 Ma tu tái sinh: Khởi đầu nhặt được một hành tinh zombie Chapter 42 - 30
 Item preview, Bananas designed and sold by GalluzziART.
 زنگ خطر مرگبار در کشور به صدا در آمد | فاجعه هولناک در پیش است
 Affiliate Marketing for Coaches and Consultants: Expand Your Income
-.-.-
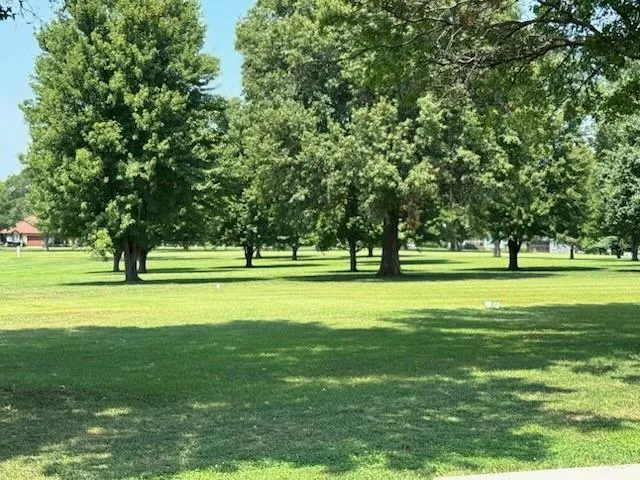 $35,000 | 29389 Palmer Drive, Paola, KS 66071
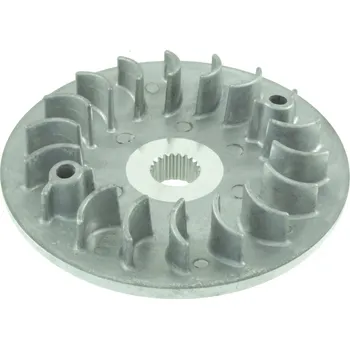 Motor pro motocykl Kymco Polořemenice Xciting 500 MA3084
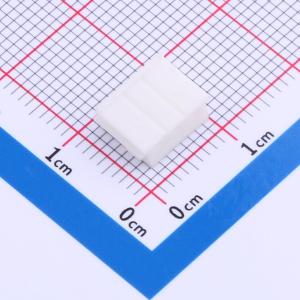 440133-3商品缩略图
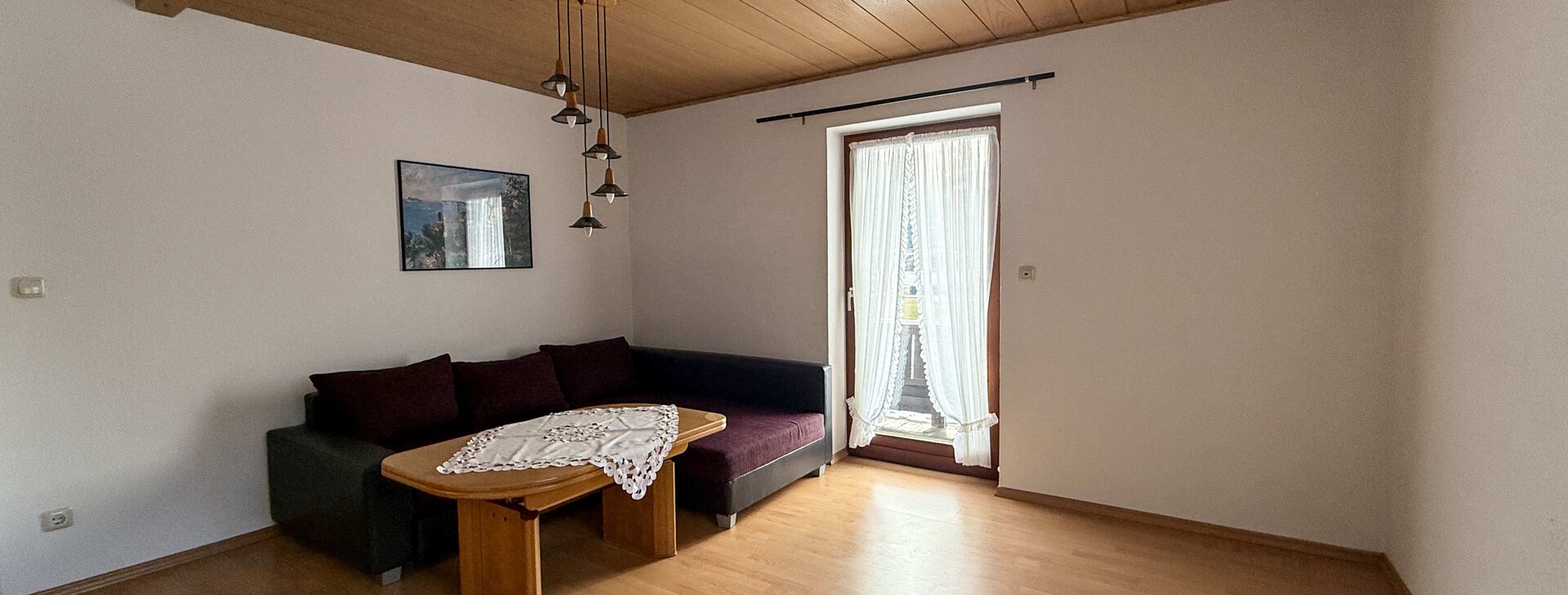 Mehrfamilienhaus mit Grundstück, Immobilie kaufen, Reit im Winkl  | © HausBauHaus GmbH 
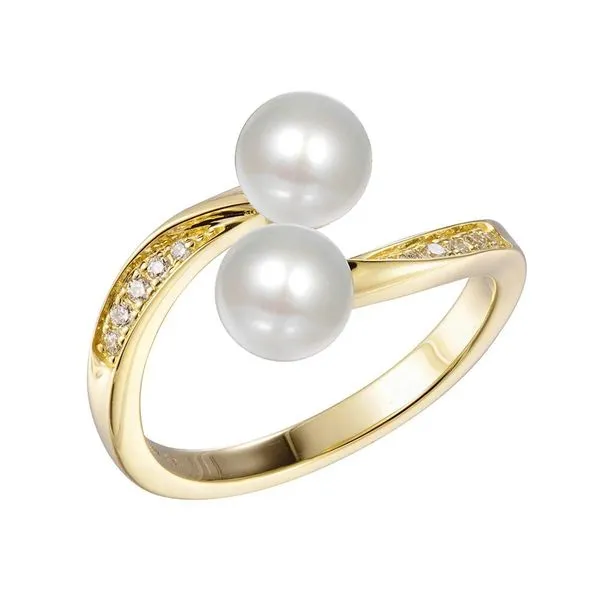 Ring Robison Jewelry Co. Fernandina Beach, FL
-.-.-
• EXERCISE OBJECTIVE
I would like the exact lines from the data above, starting with the one that holds "Mehrfamilienhaus mit Grundstück, Immobilie" and going on through the one that holds "Ring Robison Jewelry", without the pictures.

• YOUR SOLUTION
 Mehrfamilienhaus mit Grundstück, Immobilie kaufen, Reit im Winkl  | © HausBauHaus GmbH 
 Ring Robison Jewelry Co. Fernandina Beach, FL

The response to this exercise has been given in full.